Material for the task |

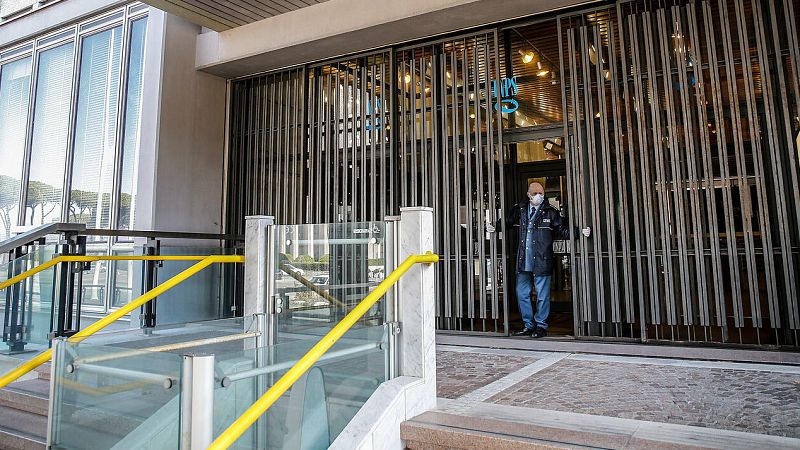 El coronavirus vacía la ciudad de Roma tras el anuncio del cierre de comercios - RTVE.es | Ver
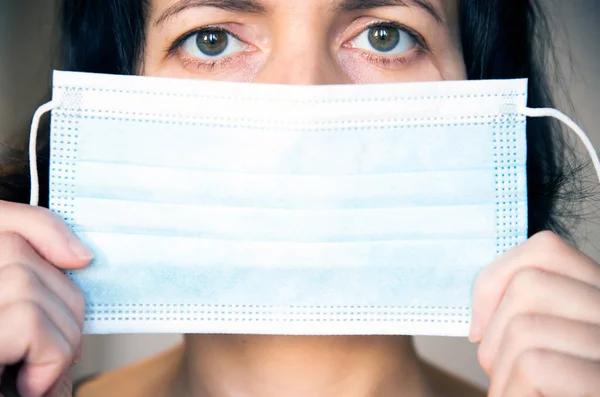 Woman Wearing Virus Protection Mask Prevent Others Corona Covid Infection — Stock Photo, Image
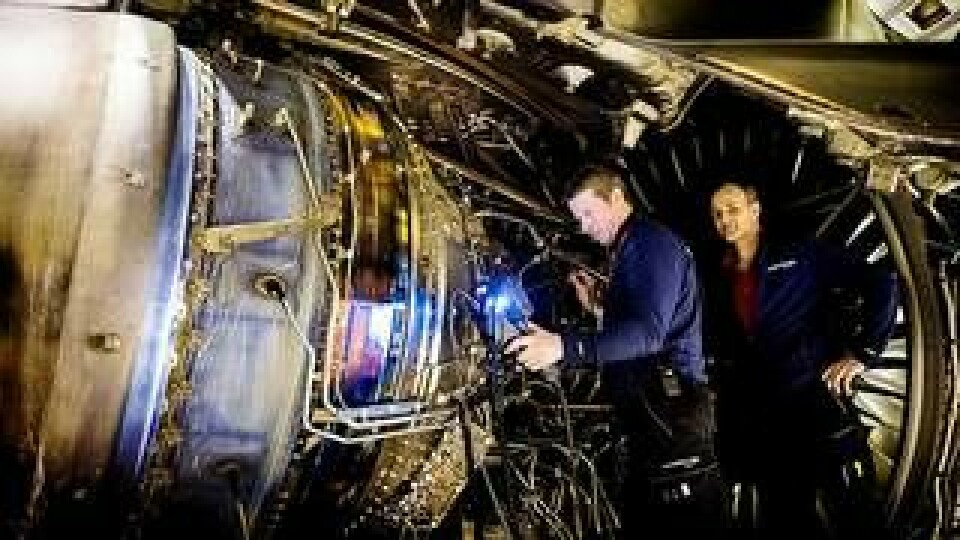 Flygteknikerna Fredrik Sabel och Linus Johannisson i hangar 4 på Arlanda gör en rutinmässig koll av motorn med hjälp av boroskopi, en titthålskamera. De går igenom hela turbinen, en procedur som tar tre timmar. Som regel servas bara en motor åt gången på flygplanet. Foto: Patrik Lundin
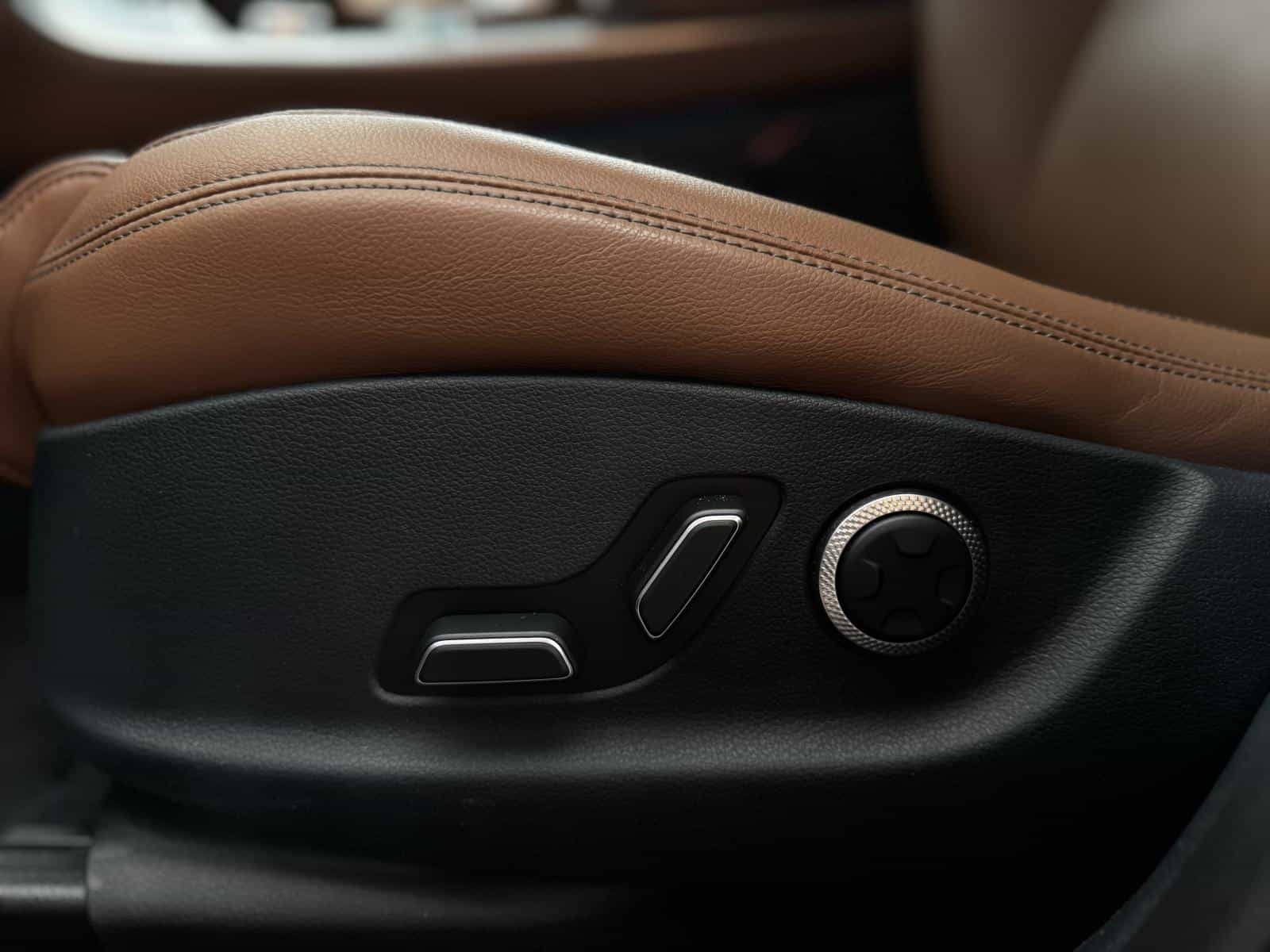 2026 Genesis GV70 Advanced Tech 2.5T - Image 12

==

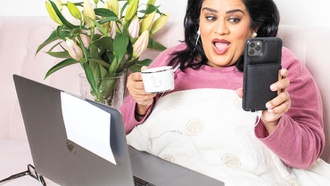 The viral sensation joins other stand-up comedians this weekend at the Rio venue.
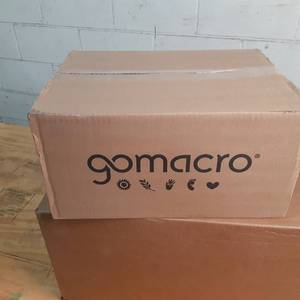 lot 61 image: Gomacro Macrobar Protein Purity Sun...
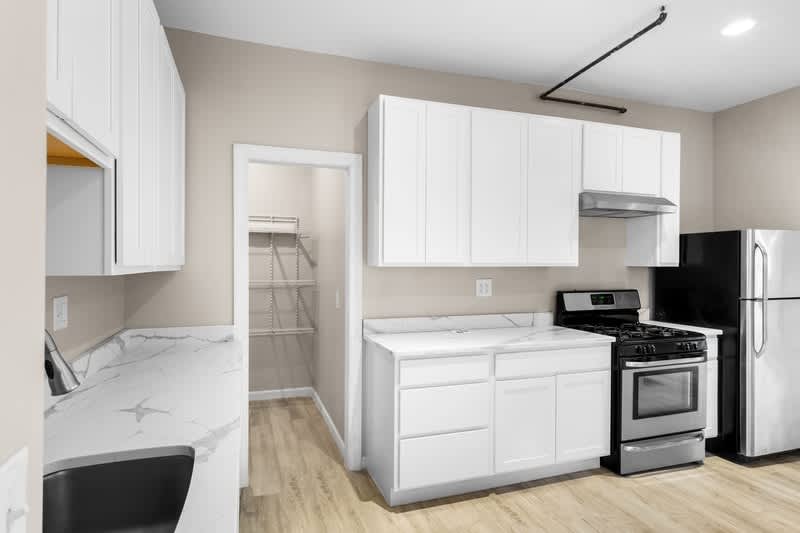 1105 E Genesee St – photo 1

What is expected | Please set down, exactly and with no pictures, the lines in the entries above starting at the one holding "El coronavirus vacía" and ending at the one holding "Woman Wearing Virus", ends included.

Answer space |
 El coronavirus vacía la ciudad de Roma tras el anuncio del cierre de comercios - RTVE.es | Ver
 Woman Wearing Virus Protection Mask Prevent Others Corona Covid Infection — Stock Photo, Image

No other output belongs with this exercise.